Do authors lose readers for their decisions? Sure, I suppose.  For writing a racy scene, for including characters who drink or smoke - but then, you could lose readers who don't identify with straight-edge teens if your characters don't share any of their life experiences.  Teenagers are no more monolithic a group than, say, "people in their 30s" - you'll never please or appeal to them all.  Write what the story demands; if your agent says it's unsellable, well, you can always revise.

(Closing note: there's no room here for me to gush about Katsa of Kristin Cashore's Graceling, a sex-positive heroine who doesn't keep marriage in the back of her mind, or Mae of Sarah Rees Brennan's Demon's Lexicon series, a kickass heroine who is allowed to show an interest in more than one guy at a time and still care about her family.  Someday, I will write the sappiest blog post ever about how much I love these heroines, in the vein of Tamora Pierce's Alanna.  Someday.)

Wednesday, March 2, 2011

Peeking into the trunk

Last night, after a fierce word war, Shayda and I got to talking about some of the embarrassing stuff we'd written when we were younger - in my case, I still have the 90,000-word Redwall-esque talking animal epic that I wrote in fourth and fifth grade.  I find it very fun to go back through what I wrote in elementary, middle, and high school and track my evolution as a writer - from the sprawling, description-heavy prose of fifth grade to the terse present-tense "edgy" stories of middle school to the self-indulgent novel about a young spy/assassin written during geometry class in sophomore year of high school.
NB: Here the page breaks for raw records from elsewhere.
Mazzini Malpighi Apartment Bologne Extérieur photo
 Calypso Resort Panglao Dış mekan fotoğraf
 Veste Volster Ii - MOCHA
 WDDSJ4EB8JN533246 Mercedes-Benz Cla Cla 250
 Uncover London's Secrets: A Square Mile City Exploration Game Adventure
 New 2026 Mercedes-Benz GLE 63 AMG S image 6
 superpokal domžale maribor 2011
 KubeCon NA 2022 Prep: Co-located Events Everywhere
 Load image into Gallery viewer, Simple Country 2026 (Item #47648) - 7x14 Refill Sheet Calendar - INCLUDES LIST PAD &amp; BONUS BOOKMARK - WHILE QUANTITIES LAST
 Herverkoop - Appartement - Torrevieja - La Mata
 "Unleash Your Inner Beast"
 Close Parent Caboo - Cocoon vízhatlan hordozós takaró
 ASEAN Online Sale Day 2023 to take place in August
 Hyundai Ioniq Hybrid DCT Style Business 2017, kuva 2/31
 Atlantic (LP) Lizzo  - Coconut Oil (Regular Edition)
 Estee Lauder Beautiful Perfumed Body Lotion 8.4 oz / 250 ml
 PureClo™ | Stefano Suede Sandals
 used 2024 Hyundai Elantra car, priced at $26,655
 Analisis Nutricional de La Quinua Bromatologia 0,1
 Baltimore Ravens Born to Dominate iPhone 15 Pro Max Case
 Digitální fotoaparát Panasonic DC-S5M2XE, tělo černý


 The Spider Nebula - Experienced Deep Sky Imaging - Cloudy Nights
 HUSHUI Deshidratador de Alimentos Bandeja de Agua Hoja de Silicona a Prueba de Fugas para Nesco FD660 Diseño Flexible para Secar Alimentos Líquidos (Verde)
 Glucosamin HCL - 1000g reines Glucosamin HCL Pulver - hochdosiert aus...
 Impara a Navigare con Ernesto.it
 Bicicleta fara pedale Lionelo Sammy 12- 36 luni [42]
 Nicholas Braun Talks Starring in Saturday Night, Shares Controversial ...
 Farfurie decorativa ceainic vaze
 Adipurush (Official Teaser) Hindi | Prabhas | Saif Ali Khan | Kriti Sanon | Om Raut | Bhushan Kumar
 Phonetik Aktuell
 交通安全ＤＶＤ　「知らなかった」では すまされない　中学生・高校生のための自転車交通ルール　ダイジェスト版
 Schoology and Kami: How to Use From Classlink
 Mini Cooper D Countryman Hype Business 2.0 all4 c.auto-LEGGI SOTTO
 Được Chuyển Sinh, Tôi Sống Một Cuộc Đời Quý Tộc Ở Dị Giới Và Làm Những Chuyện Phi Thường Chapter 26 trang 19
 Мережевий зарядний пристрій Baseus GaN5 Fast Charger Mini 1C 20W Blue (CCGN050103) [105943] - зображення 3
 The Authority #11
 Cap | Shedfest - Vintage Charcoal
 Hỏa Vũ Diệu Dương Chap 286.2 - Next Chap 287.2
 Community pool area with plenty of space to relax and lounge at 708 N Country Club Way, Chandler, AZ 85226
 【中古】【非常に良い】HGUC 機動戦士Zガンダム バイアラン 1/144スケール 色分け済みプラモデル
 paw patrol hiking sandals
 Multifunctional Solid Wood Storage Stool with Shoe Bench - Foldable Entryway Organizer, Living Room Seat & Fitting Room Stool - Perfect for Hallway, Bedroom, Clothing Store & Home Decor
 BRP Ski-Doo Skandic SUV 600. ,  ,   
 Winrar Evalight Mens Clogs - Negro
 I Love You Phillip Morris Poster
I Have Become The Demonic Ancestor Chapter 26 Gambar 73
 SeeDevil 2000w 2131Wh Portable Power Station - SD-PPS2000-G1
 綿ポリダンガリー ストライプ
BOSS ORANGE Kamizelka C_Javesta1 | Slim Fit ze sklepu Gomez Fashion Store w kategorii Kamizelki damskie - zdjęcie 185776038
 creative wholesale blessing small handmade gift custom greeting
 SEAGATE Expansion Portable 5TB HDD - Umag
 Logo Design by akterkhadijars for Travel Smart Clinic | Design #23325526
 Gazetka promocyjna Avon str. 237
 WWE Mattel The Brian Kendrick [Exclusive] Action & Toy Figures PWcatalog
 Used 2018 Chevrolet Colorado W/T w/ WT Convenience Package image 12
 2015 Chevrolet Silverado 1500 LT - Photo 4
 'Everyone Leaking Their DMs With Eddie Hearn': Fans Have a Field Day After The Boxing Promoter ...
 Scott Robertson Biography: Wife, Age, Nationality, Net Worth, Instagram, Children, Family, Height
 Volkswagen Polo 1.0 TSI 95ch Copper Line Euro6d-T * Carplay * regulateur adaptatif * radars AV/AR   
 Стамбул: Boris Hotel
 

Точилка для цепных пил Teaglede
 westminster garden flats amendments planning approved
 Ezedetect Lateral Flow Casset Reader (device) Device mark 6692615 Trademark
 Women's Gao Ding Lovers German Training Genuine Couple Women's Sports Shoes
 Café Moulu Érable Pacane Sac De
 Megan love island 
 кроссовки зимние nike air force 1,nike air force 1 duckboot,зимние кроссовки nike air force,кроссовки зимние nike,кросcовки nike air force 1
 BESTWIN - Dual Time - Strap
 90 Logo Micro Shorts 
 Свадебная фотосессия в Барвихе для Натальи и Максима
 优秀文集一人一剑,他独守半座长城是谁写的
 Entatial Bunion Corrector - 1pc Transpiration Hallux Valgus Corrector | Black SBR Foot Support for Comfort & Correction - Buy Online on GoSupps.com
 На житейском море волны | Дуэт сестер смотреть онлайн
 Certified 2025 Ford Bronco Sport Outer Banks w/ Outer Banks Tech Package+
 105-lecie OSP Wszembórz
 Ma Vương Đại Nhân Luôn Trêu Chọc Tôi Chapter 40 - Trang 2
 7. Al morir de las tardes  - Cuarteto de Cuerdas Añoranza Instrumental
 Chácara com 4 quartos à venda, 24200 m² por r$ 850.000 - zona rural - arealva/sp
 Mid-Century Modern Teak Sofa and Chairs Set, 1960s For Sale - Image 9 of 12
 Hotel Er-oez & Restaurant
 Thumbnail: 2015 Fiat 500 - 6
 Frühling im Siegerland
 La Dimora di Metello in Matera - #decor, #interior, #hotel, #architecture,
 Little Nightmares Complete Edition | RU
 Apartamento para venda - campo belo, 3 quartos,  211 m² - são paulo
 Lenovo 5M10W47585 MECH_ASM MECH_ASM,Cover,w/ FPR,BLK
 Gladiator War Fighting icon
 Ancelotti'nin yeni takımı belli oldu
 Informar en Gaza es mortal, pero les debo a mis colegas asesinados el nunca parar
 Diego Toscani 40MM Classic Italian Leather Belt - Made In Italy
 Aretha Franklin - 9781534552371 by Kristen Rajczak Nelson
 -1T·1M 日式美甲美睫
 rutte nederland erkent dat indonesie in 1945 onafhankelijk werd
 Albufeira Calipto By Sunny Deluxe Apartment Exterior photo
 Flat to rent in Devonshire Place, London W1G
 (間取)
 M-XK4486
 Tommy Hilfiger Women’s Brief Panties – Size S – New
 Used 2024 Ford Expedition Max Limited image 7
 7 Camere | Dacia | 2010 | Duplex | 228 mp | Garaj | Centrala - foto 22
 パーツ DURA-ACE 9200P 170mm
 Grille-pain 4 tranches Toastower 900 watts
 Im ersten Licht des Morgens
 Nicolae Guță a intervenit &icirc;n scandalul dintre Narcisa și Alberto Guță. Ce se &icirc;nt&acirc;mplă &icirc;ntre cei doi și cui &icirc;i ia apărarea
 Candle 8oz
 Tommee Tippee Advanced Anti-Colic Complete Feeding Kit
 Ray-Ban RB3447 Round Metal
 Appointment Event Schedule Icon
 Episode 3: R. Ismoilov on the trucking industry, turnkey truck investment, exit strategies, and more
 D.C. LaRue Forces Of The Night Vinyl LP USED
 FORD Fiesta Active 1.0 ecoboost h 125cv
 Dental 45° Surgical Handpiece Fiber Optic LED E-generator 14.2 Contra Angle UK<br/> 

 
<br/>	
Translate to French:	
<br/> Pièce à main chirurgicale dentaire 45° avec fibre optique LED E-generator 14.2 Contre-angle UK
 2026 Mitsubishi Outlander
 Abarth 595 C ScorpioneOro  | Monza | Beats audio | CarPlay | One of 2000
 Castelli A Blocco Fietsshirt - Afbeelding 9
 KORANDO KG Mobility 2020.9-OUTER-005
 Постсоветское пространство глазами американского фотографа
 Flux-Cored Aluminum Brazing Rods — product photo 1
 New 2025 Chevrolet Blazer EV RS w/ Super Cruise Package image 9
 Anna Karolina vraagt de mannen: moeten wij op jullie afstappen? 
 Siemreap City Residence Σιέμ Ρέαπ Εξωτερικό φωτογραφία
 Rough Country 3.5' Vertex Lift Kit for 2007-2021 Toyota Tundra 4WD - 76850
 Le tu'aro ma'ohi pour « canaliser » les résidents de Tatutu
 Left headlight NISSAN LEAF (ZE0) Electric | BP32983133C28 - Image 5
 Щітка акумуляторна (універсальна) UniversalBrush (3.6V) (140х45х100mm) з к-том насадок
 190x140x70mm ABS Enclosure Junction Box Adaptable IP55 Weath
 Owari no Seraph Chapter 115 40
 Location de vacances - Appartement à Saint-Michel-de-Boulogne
Every once in a while, I do find a half-begun plot that I think has some merit, and so I mark that story for possible cannibalization.  More often, though, looking back at old work reminds me how much I'm still growing as a writer; after all, back in fifth grade, I had the regrettable judgment to pitch my animal epic to a well-respected agent at a writers' conference.

Do you look back at your childhood writing, or is it locked away for good?